Thinking we should move on (especially as I took some grab shots of the police) we headed off in the rain. One thing we have found in Argentina more so than the other countries that we have visited is what an incredibly weak economy they have. I watched a BBC news feature on what was happening in the world this time in 1972 and apparently the Argentinian peso had been devalued so badly, it was cheaper to paper the walls in bank notes than wall paper. The situation has improved now but not much. The American dollar is king here and often paying in dollars for a meal can save the equivalent of £20-30. There is something called the ‘blue rate’. It is not the official rate of exchange which is low but rather a black market rate of often almost double the official rate. It has been named the blue rate as although it is technically illegal, all the officials turn a blind eye to it as they are desperate to get dollars into the economy as well. Whenever we walk down streets (not just in Buenos Aires but also Bariloche) strangers loiter against walls and in shop doorways touting for business to exchange currency. This has in turn led to a rise in forged notes so we stick to ‘official blue money changers’!
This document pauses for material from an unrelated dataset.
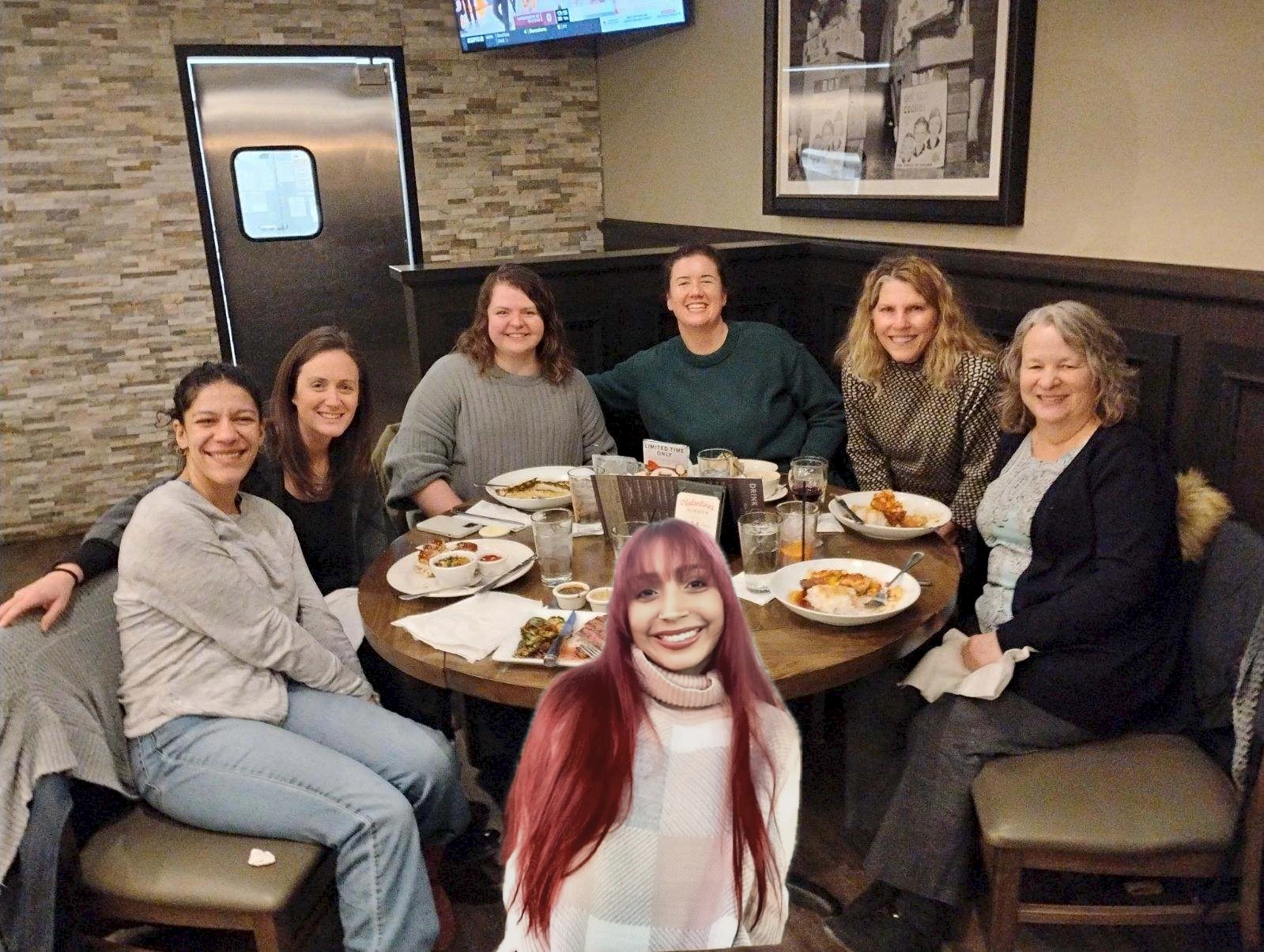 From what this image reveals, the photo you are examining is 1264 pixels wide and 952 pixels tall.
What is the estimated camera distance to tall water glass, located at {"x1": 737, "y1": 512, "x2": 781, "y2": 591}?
1856mm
Eva on reception told us that no coins are produced any more as they were hoarded by bus drivers and taxi drivers to the extent that the Argentine banks completely ran out. They were then ‘sold back’ to shop keepers at an inflated rate - ridiculous. In the end coins were abolished and now if you are owed a small amount of money, the shop keepers will give you a handful of sweets instead. I’m not sure that would catch on in the UK though!

Anyway, avoiding the money lenders in the streets, the broken pavements and rampant thieves (allegedly) we decided to take break from the rain and visit South America’s most famous bookshop listed at number 2 in the top 10 most beautiful book shops in the world (voted by the Guardian in 2008 so it must be right!).

The ‘El Ateneo Grand Splendid’ was originally built as a theatre in 1919 with a seating capacity of 1,050 and then developed into a cinema in 1929. Following it’s purchase in a dilapidated state in 2000, it has been converted into a massive bookshop with a cafe on what was originally the stage. I can vouch that the ‘submarinos’ are good and I only wish I spoke and read Spanish fluently as this really is the biggest selection of books I have ever seen - we thought of you @tristansmum when we were there. Even with a wide angle I had great difficulty in capturing the scale of the shop.
What a fantastic book shop - Fav
October 30th, 2015  
Thanks for thinking of me, Emma and Colin--when I first saw this capture I did think it was an enormous library. Glad you found something impressive which took you out f the rain!